JARS, DAILY
It is not often the great strokes of misfortune that break men down, but the daily wear and tear of small troubles. An editor writes thus:
A huge cart-wheel lies in the gutter near
our office. The cart itself has been pulled
with difficulty out of the way of the trolley
cars. An axle has broken. And that axle!
It is fully four inches in diameter and was
originally forged of soundest steel. But as
you look at the fragments of it wedged in the
overturned hub you discover a peculiar condition.
"The steel has been crystallized," the
mechanic would explain. No sudden strain
broke it, no tremendous wrench twisted the
spindle from the beam. The ruin was
wrought by the constant small jars of daily
traffic. Rumbling over stones, bumping over
crossings, scraping against curbs threw the
atoms of steel in the axle out of cohesive
harmony. Then came the one jar, no heavier
than the others, that sent the load of coal
into the street.
(1683)
Jester, The—See Humor Overdone.
JESTING COMMENDED
It is wise to laugh, and Joe Miller is right
when he says that the gravest beast is an
ass, and the gravest man is a fool. This
opinion of the famous jester is in accord with
Plato, who is reported to have remarked to
his friends, when their social enjoyment was
occasionally intruded upon by the approach
of some sedate wiseacre, "Silence, my
friends, let us be wise now, for a fool is
coming." Other notable characters, if not
themselves witty, have sought relief from
the strain of serious employment by a laugh
and innocent merriment.

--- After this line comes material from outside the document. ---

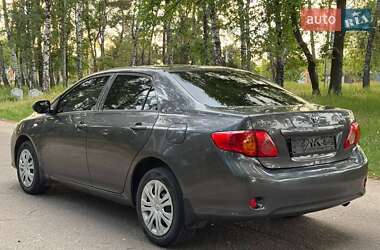 Седан Toyota Corolla 2008 в Охтирці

Philip of Macedon,
Sylla, the Roman dictator, Queen Elizabeth,
and our own Abraham Lincoln, keenly enjoyed
a good joke, while Julius Cæsar,
Tacitus, Erasmus, and Lord Bacon compiled
jest-books. So there is high authority for
jesting, and a jest is merely petrified laughter—a
laugh congealed into words, so as to
be passed from mouth to mouth and handed
down to further generations.—Edmund Kirke, North American Review.
(1684)
JESTS, OLD
To Hierocles, who lived in the sixth century,
is attributed a book called "Asteia,"
which contains twenty-one jests, the most of
which are now alive, and passing themselves
off as "real, original Jacobs." Among them
is the man who would not venture into the
water until he had learned to swim; the man
whose horse died just as he had taught it
to live without eating; the other who stood
before the mirror with his eyes shut, to see
how he looked when asleep; the other who
apologized for a negligence by saying, "I
never received the letter you wrote me"; the
other who kept a crow expressly to satisfy
himself if the creature did live to the age of
two hundred years; and the old philosopher
who carried a brick about as a specimen of
the house he desired to sell. But, older than
Hierocles—old as Horace—is the stupid fellow
who, wanting to cross a stream, sat
down upon the bank to wait for all the
water to run by. The French king who said,
"After me, the deluge," was thought to be
original, but the phrase is found in the
Greek of two thousand years ago; as is also
the proverb, "There is many a slip between
the cup and the lip," which was the appropriate
inscription upon the drinking cup of
a rich Greek. Every one knows the lady
who insists that her age is but thirty, and
whose friend asserts that he believes her,
because he has heard her say so "any time
these ten years." Bacon, in his "Apothegms,"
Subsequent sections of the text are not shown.